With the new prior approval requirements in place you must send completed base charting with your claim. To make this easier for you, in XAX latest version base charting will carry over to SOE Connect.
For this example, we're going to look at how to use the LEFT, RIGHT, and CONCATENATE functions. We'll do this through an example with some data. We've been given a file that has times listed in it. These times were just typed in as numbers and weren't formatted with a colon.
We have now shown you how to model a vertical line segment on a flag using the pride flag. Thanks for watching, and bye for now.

...

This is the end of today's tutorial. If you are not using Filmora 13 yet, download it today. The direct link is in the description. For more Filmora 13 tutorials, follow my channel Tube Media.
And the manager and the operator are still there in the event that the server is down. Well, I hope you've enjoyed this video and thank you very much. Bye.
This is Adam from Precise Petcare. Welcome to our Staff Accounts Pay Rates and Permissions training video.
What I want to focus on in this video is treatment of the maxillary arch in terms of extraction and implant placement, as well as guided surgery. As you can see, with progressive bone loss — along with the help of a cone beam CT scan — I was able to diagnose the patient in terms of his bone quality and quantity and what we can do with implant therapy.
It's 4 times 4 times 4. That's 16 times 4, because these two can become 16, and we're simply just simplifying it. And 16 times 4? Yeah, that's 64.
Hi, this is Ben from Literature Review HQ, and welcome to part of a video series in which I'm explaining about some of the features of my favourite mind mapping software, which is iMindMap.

--

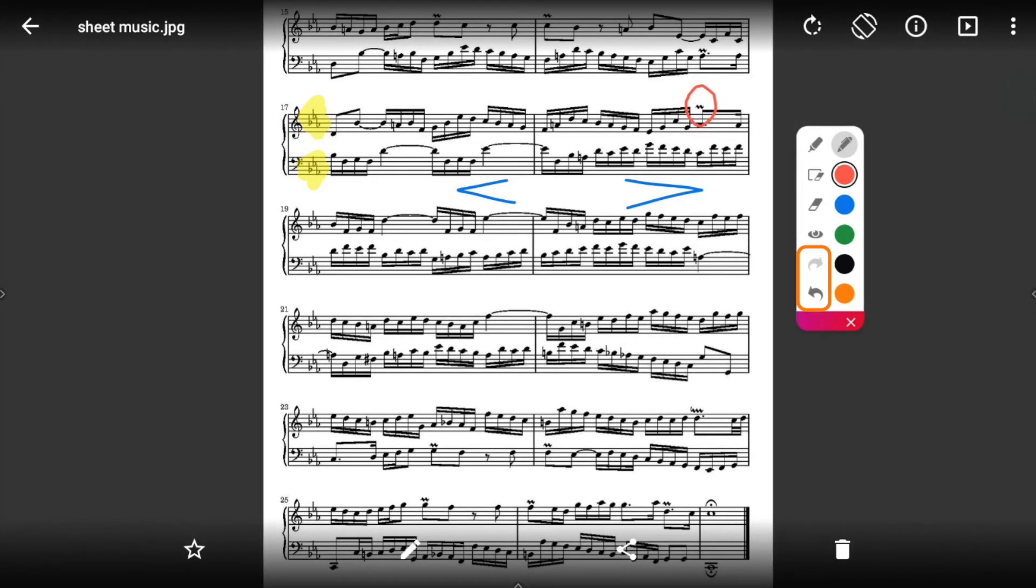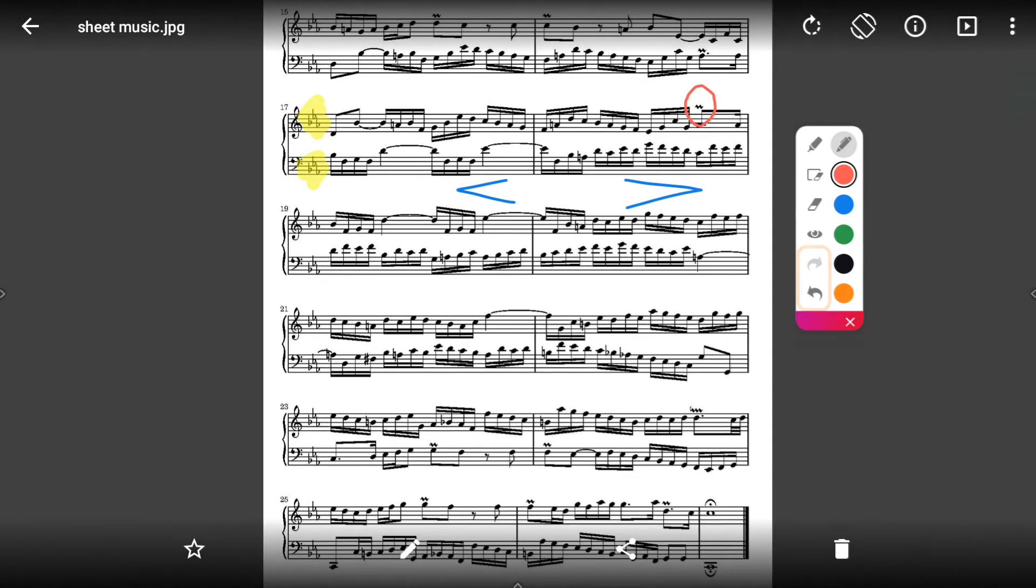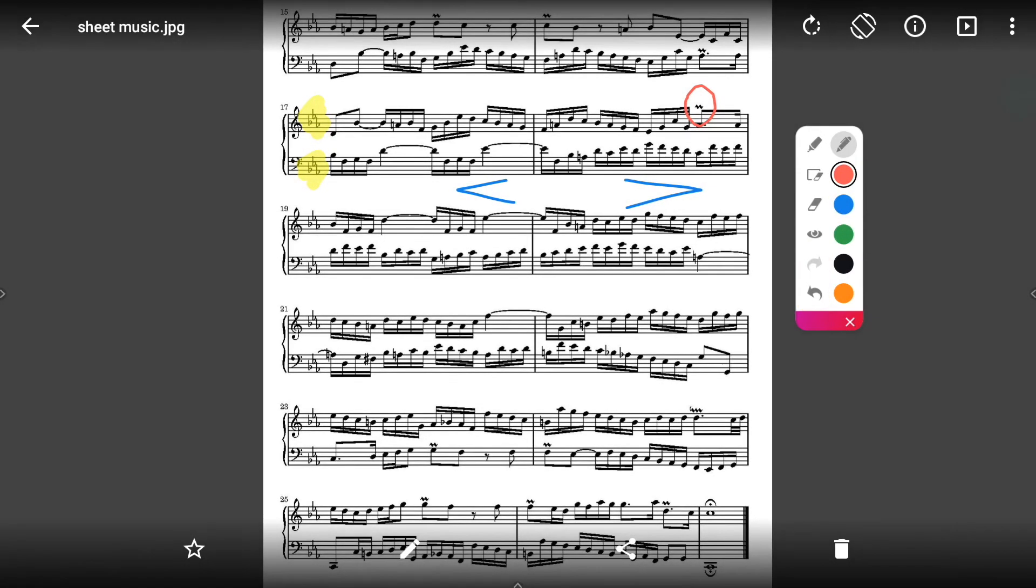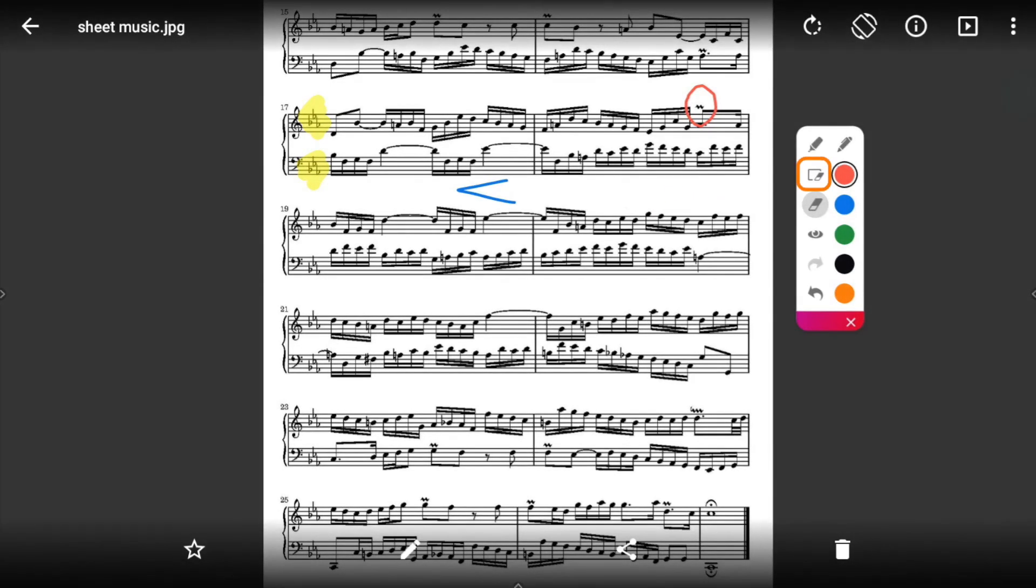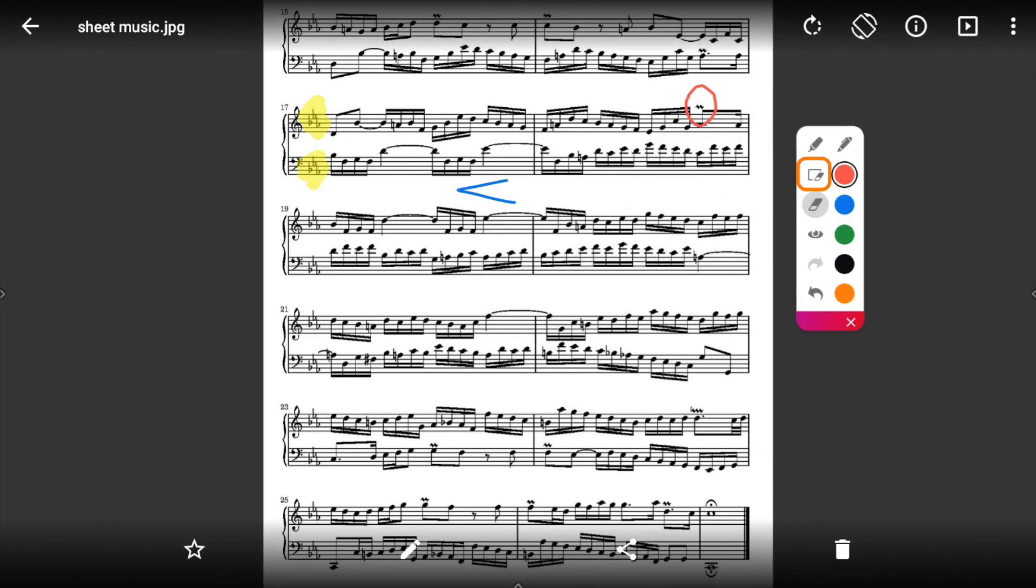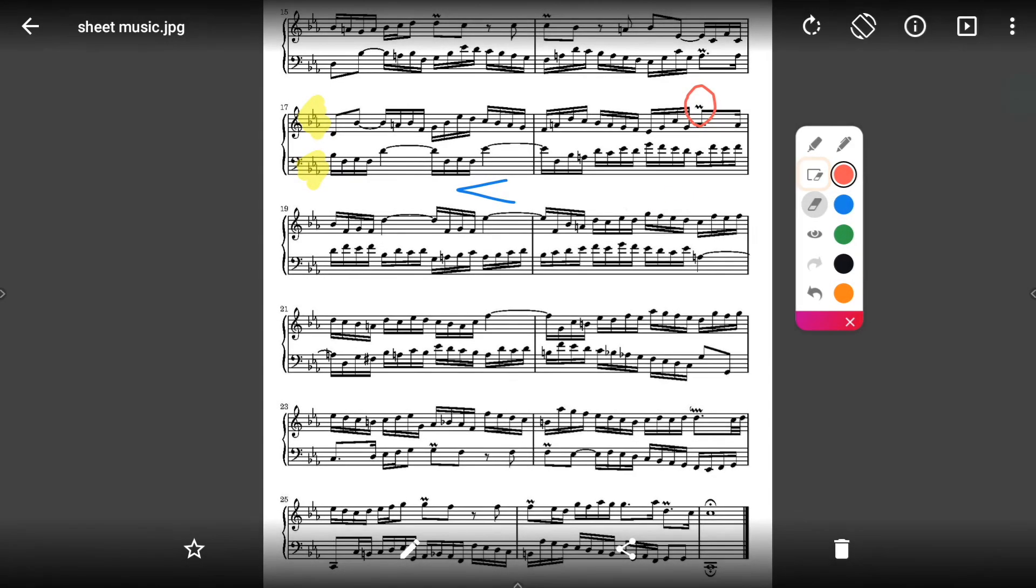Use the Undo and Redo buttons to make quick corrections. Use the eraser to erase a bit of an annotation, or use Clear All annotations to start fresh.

▶ Task directions:
Return the span of lines in the data above that opens at the line with "For this example, we're" and closes at the line with "We have now", exactly, ends included, nothing else.

▶ Exercise response:
For this example, we're going to look at how to use the LEFT, RIGHT, and CONCATENATE functions. We'll do this through an example with some data. We've been given a file that has times listed in it. These times were just typed in as numbers and weren't formatted with a colon.
We have now shown you how to model a vertical line segment on a flag using the pride flag. Thanks for watching, and bye for now.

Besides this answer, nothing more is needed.